→ WHAT IS REQUIRED:
The records below must be transcribed exactly, with each picture left out.

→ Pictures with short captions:

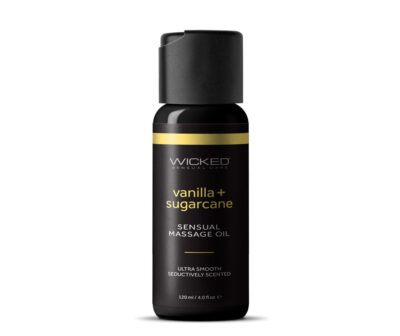 Wicked Sensual Massage Oil - Vanilla + Sugarcane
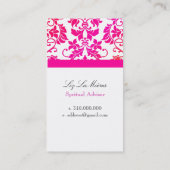 PixDezinesタンザダマスク/DIYカラー!!!/oj+ピンク 名刺 (裏面)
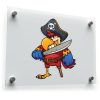 Pirate Parrot Vinyl Decal 1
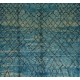 Modern Moroccan Berber Tulu Rug in Indigo Blue, 100% Wool, Custom Options Available
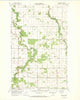 Wannaska Minnesota Historical topographic map, 1:24000 scale, 7.5 X 7.5 Minute, Year 1967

→ RESPONSE TO THE TASK:
 Wicked Sensual Massage Oil - Vanilla + Sugarcane
 PixDezinesタンザダマスク/DIYカラー!!!/oj+ピンク 名刺 (裏面)
 Pirate Parrot Vinyl Decal 1
 Modern Moroccan Berber Tulu Rug in Indigo Blue, 100% Wool, Custom Options Available
 Wannaska Minnesota Historical topographic map, 1:24000 scale, 7.5 X 7.5 Minute, Year 1967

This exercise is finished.